─── Data

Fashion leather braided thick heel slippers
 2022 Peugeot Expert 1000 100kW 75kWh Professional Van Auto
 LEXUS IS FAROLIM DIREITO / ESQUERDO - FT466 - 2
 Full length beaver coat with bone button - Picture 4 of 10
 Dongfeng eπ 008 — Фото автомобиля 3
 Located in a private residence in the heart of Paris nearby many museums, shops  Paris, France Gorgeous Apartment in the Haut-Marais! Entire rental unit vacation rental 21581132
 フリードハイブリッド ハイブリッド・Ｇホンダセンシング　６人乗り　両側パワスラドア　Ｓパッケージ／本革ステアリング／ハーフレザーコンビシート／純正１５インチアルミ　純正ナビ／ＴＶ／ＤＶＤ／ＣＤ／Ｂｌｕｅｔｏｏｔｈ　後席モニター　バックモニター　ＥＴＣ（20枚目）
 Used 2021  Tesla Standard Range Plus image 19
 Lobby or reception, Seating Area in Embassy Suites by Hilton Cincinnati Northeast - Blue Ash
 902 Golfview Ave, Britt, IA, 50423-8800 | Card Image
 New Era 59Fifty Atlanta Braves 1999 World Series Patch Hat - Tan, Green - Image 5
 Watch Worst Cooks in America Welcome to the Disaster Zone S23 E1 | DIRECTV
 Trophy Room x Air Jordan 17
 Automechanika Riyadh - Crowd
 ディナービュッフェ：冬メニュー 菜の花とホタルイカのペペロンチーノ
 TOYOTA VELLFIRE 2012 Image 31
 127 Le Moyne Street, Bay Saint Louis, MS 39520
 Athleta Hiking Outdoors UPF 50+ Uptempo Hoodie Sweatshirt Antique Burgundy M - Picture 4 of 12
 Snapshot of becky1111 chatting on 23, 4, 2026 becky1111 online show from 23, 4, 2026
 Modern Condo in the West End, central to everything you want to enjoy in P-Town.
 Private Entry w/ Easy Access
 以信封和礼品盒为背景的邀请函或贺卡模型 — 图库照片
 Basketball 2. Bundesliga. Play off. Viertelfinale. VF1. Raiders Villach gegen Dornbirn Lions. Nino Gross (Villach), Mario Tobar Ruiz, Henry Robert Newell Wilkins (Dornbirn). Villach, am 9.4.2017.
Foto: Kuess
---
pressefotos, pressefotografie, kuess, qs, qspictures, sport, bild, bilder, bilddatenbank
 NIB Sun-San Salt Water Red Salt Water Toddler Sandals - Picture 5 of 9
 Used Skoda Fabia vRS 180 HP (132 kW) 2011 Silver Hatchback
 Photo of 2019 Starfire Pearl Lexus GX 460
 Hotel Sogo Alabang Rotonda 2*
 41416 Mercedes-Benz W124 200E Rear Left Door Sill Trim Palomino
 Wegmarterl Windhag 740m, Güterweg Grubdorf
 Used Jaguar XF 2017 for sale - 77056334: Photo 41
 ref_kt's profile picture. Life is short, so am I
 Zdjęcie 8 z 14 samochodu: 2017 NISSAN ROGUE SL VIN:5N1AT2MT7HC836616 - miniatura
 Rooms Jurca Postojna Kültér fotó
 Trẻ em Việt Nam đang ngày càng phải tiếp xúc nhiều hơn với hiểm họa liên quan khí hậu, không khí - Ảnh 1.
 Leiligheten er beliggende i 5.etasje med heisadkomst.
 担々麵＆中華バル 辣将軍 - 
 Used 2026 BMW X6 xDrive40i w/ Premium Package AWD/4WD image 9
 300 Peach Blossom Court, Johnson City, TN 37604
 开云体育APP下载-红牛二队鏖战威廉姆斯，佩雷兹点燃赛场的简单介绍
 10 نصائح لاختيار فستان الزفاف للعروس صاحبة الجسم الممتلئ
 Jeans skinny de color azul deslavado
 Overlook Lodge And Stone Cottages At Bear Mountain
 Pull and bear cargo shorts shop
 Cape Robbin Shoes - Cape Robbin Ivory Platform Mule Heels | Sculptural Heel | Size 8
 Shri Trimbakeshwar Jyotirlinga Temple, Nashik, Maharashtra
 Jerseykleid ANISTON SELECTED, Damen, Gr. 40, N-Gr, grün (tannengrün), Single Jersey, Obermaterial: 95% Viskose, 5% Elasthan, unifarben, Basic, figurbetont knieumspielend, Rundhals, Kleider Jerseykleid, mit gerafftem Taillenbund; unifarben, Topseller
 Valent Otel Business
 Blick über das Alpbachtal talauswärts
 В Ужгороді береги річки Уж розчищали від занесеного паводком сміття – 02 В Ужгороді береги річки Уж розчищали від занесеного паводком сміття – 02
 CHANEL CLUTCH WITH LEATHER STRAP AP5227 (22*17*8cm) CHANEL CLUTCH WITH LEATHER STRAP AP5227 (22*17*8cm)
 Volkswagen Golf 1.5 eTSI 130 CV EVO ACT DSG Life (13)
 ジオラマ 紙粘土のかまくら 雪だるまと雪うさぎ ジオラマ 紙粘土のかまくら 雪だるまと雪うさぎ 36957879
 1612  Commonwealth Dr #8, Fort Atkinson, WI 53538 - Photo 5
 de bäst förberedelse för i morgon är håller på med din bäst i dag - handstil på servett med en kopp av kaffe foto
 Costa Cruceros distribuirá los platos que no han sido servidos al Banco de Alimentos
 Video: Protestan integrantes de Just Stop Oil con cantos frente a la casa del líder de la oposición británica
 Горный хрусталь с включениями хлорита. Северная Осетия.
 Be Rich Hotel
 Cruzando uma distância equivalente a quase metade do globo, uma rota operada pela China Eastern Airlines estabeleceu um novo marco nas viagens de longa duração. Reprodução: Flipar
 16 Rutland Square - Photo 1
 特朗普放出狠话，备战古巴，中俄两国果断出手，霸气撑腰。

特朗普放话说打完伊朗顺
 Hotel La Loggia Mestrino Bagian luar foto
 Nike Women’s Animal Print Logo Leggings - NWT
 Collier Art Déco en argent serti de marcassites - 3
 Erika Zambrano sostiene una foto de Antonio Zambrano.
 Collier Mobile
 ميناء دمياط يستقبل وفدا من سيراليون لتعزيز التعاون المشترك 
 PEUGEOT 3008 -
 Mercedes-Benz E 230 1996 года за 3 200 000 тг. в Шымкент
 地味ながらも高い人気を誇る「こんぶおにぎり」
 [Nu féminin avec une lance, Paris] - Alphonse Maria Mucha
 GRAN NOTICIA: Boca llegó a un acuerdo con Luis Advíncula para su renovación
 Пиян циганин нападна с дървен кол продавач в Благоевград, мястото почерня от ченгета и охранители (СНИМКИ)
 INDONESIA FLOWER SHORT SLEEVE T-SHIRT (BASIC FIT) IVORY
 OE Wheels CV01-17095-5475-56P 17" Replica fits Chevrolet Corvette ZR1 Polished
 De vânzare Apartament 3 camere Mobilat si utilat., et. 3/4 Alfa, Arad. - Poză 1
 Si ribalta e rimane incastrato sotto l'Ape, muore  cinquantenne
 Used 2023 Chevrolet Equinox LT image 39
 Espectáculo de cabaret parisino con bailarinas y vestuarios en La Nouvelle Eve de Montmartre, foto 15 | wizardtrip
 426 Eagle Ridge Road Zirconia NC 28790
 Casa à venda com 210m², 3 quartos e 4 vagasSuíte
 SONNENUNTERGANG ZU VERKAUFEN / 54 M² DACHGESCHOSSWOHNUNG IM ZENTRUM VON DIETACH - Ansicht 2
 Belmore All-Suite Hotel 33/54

──────

(What you have to do)
Search each line of the data above for "Chevrolet", and copy the lines where it occurs.

(Result of this task)
 OE Wheels CV01-17095-5475-56P 17" Replica fits Chevrolet Corvette ZR1 Polished
 Used 2023 Chevrolet Equinox LT image 39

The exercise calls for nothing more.